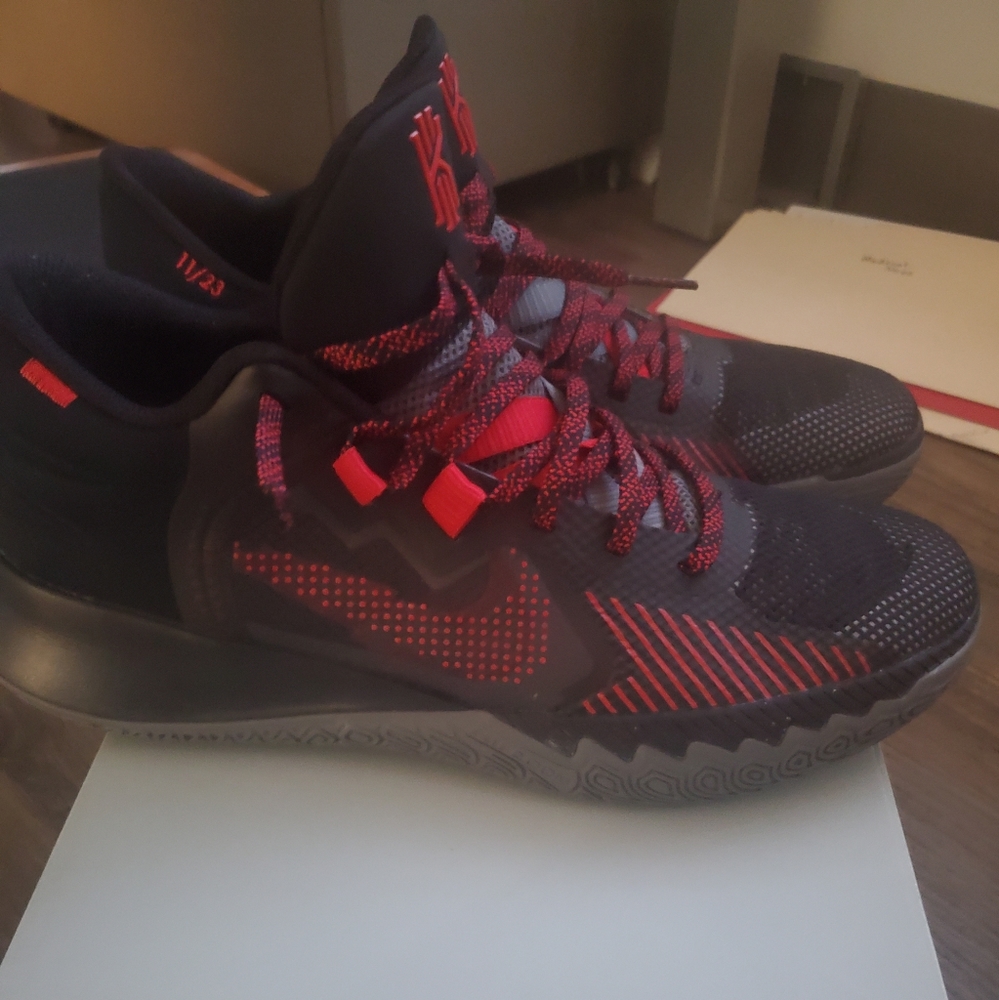Kyrie Flytrap 5 Red & Black 10.5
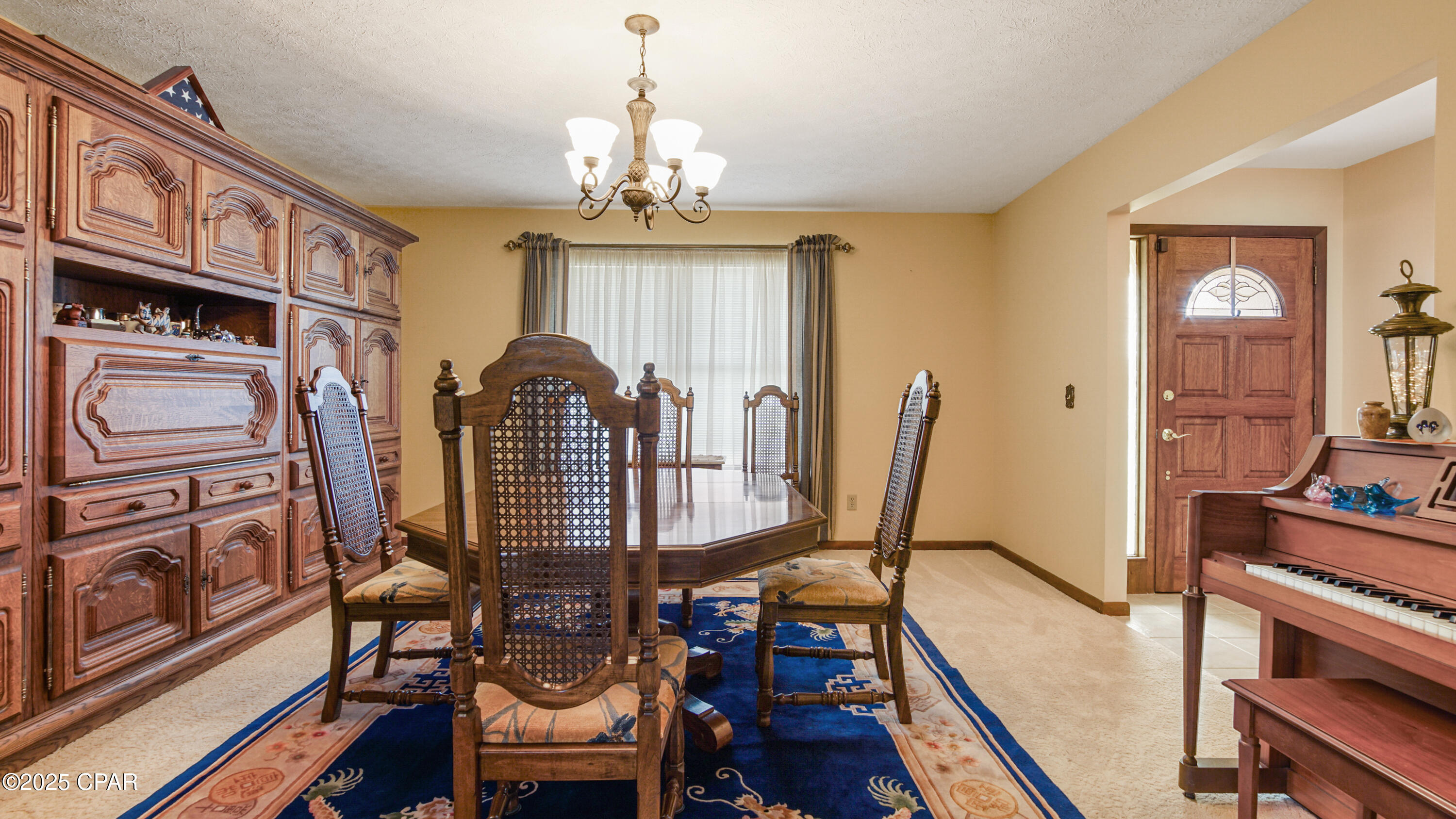 6425 Hiwassee Street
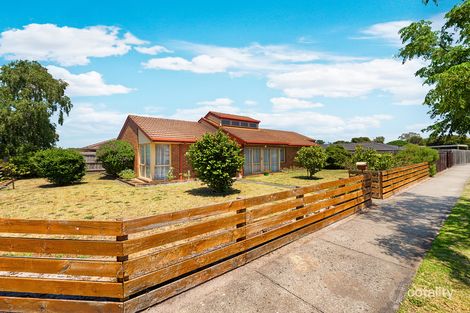 Property photo of 17 Hazelwood Avenue Cranbourne North VIC 3977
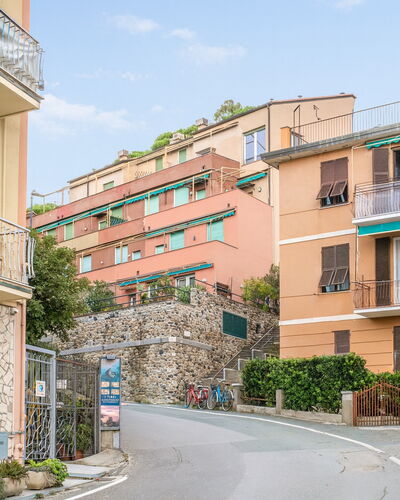 Casa Dolly, Monterosso 5 Terre: Mur, Bâtiment, Zone Résidentielle, Appartement, Quartier, Ville, Architecture, Domicile, Design Urbain, Établissements Humains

▶ _Exercise goal_:
Write all the lines above out again exactly, minus the images.

▶ _Response to the exercise_:
Kyrie Flytrap 5 Red & Black 10.5
 6425 Hiwassee Street
 Property photo of 17 Hazelwood Avenue Cranbourne North VIC 3977
 Casa Dolly, Monterosso 5 Terre: Mur, Bâtiment, Zone Résidentielle, Appartement, Quartier, Ville, Architecture, Domicile, Design Urbain, Établissements Humains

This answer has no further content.